Один из его биографов писал: «Зубов в последние семь лет царствования Екатерины был повсеместно признанною бездарностью. В течение семи лет он достиг той вершины могущества, на которую Потёмкин, при всей своей удачливости, при всей благосклонности счастья, восходил почти двадцать лет; ордена, чины, титулы и все прочие отличия, пожалованные Зубову Екатериною, были заслужены Суворовым сорокадвухлетнею службою, составившею славу России. Слепое счастие осыпало Зубова теми самыми наградами, за которыми истинные герои века Екатерины ходили в дальнейшие, чужие страны; ему же все отличия доставались тем легче и скорее, чем ближе ко двору, чем безотлучнее он пребывал в столице. Позолотив струны лиры Державина, Зубов был им воспет не менее восторженно, как незадолго перед тем Потёмкин; портреты красавца в воинских доспехах украсили стены дворцовых чертогов наряду с великими полководцами, и Платон Александрович Зубов, по удачному выражению Массона, «почитал себя великим потому только, что стоял во весь рост, в то время, когда всё ползало у его ног».
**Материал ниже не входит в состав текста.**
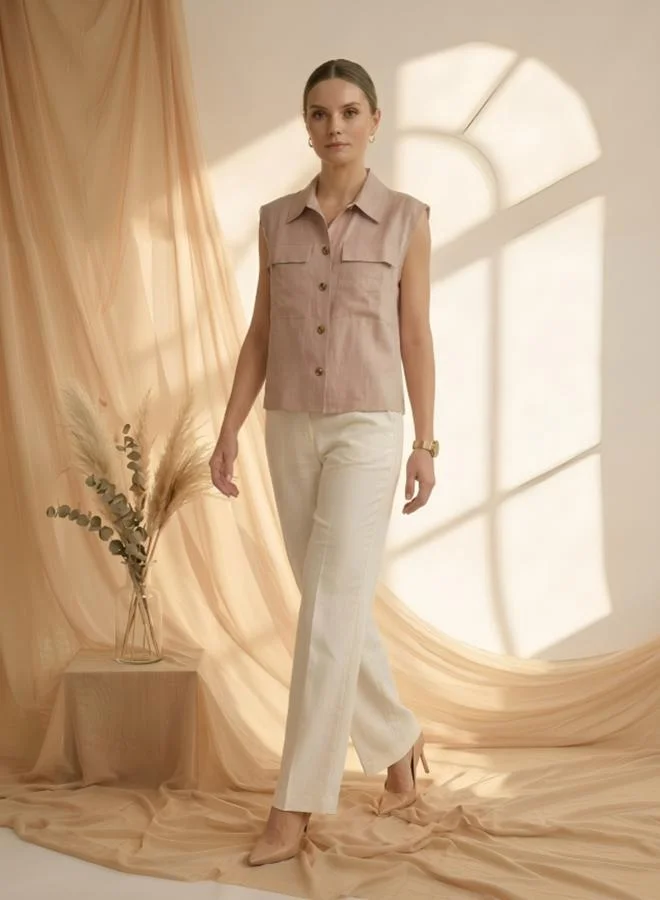 Mish Pink Sleeveless Shirt with Pocket Detail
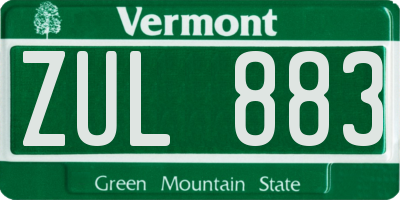 VT license plate ZUL883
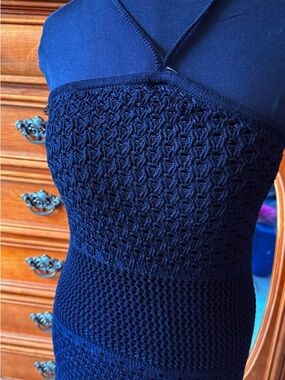 Old Navy Black Crochet Strapless Knit Dress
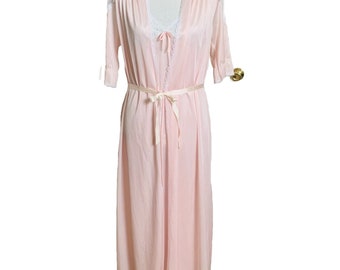 VTG Paramount Retro 70s Nightgown Set w/ Robe Size S Pink Nylon White Lace Hollywood Regency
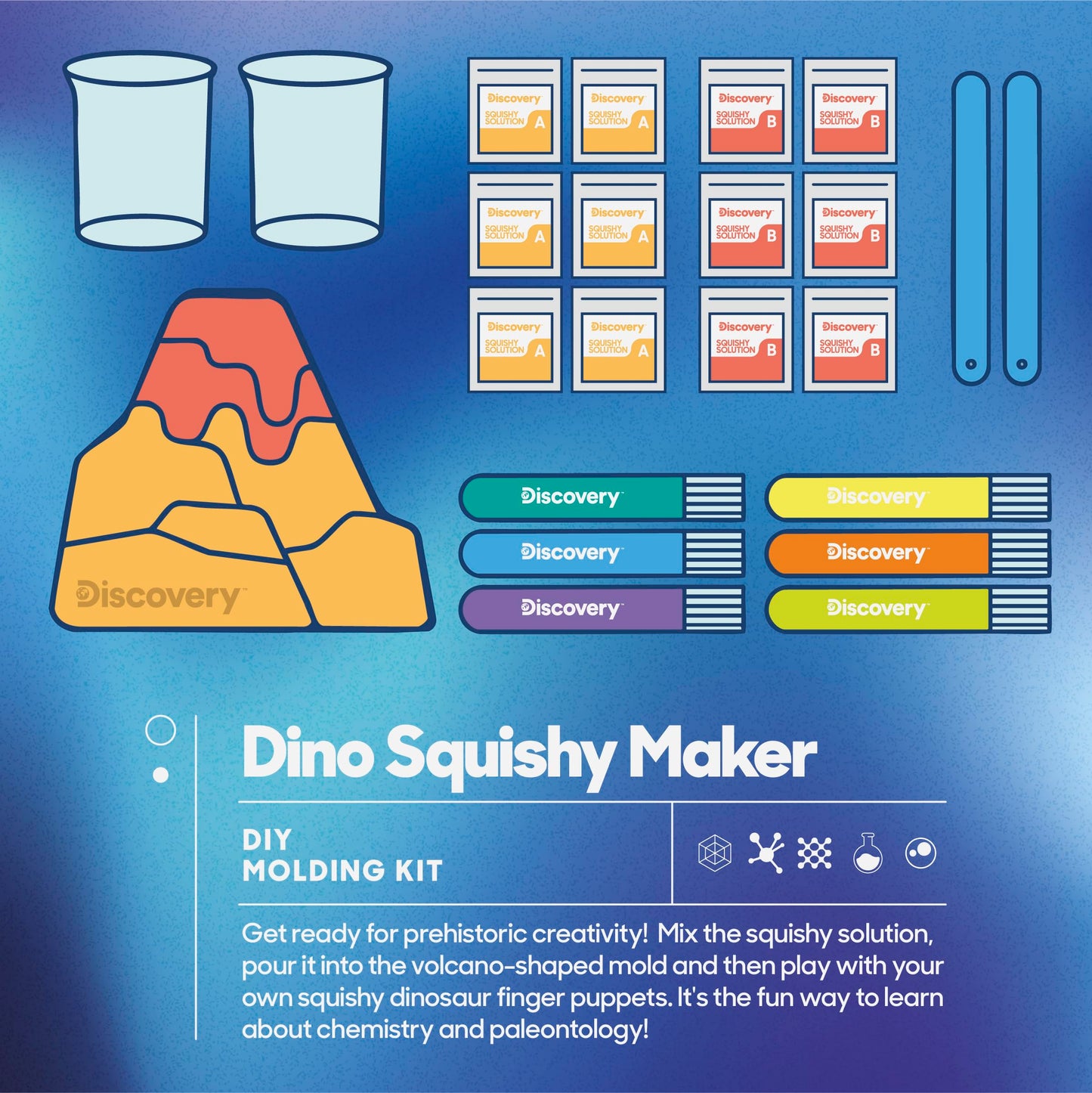 Discovery Dino Squishy Making Kit| Create 6 Squishy Dinosaur Finger Puppets| DIY Make Your Own Squishies Set| Kids Sensory Toy| STEM Chemistry Activity| Arts & Craft Kit| Educational Gift| Ages 6+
Люди, не зависевшие от временщика, не искавшие его милостей, могли непредвзято оценивать и самого Платона Александровича, и его окружение. К числу таких объективных и независимых свидетелей относится один из воспитателей Александра и Константина, швейцарец Карл Массон, земляк Лагарпа, о котором только что было упомянуто, оставивший «записки и воспоминания о России». Массон писал о Платоне Зубове: «Каждое утро многочисленные толпы льстецов осаждали его двери, наполняли прихожие и приёмные. Старые генералы и вельможи не стеснялись ласкать ничтожнейших его лакеев. Видали часто, как эти лакеи толчками разгоняли генералов и офицеров, коих толпа, теснясь у дверей, мешала их запереть. Развалясь в креслах, в самом непристойном неглиже, засунув мизинец в нос, с глазами бесцельно устремлёнными в потолок, этот молодой человек, с лицом холодным и надутым, едва удостаивал обращать внимание на окружающих его. Он забавлялся дурачествами своей обезьяны, которая скакала по головам подлых льстецов, или разговаривал со своим шутом; а в это время старцы, под начальством которых он служил в сержантах: Долгорукие, Голицыны, Салтыковы, и всё, что было великого и малодушного, ожидали, чтобы он низвёл свои взоры, чтобы опять приникнуть к его стопам».